Start of Raw data

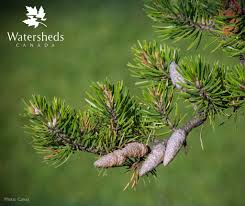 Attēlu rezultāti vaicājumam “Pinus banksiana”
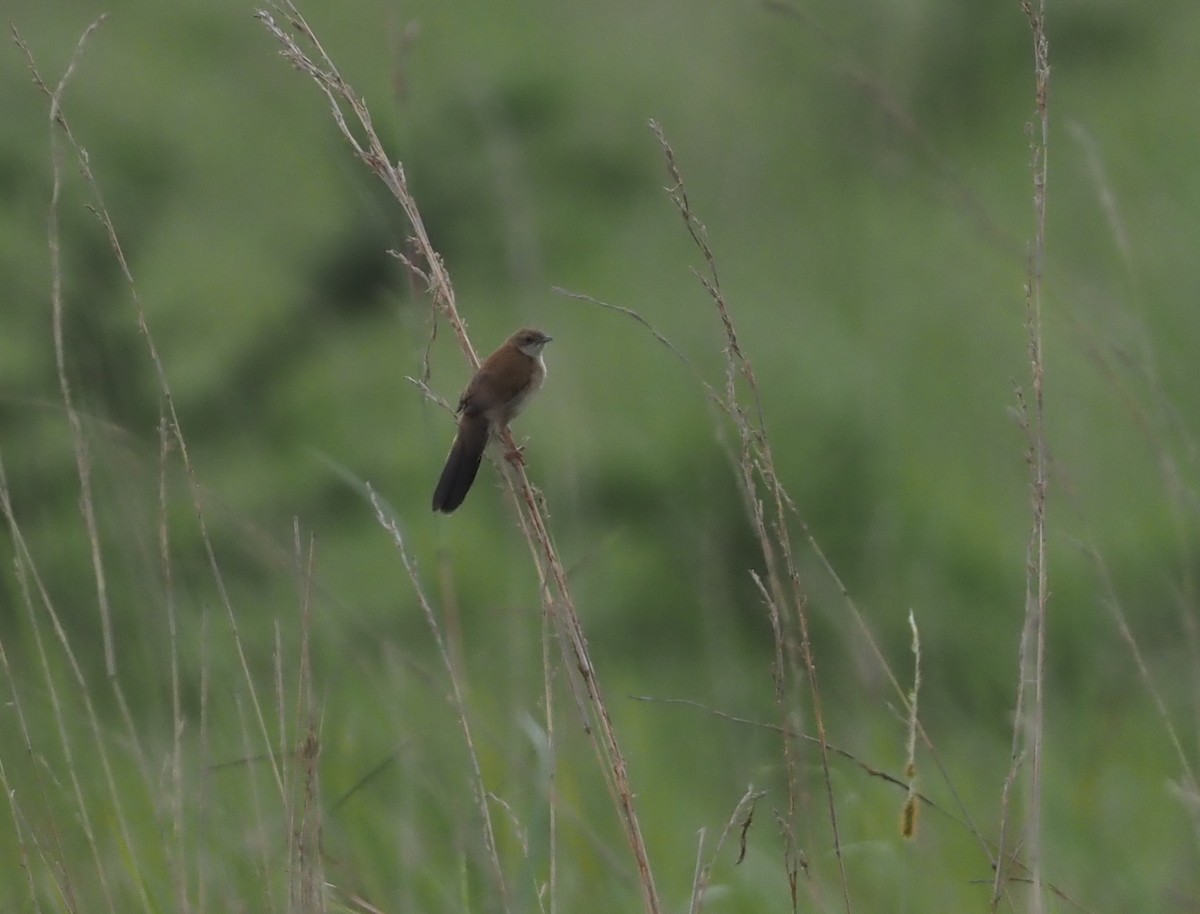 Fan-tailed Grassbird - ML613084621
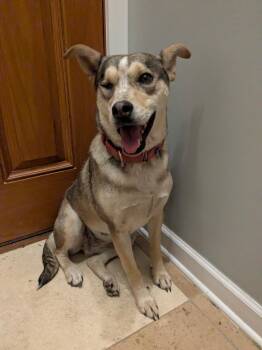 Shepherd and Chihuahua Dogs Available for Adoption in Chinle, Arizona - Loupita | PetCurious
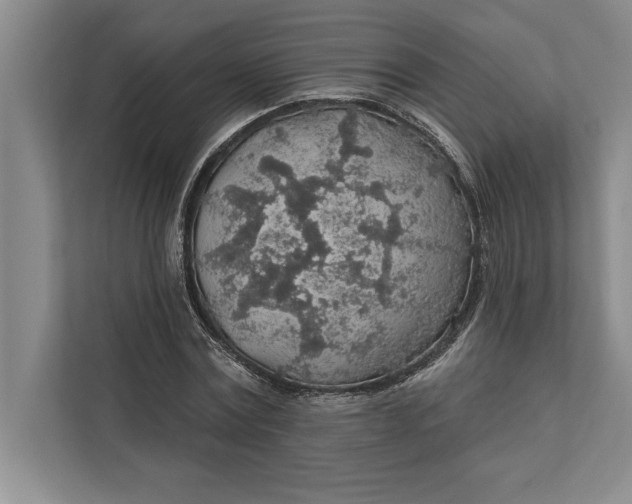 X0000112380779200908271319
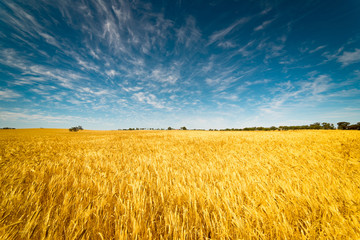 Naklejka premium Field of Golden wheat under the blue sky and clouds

End of Raw data

→ **What you will do**
Reproduce every record verbatim, please. Omit the images.

→ **Output for this task**
 Attēlu rezultāti vaicājumam “Pinus banksiana”
 Fan-tailed Grassbird - ML613084621
 Shepherd and Chihuahua Dogs Available for Adoption in Chinle, Arizona - Loupita | PetCurious
 X0000112380779200908271319
 Naklejka premium Field of Golden wheat under the blue sky and clouds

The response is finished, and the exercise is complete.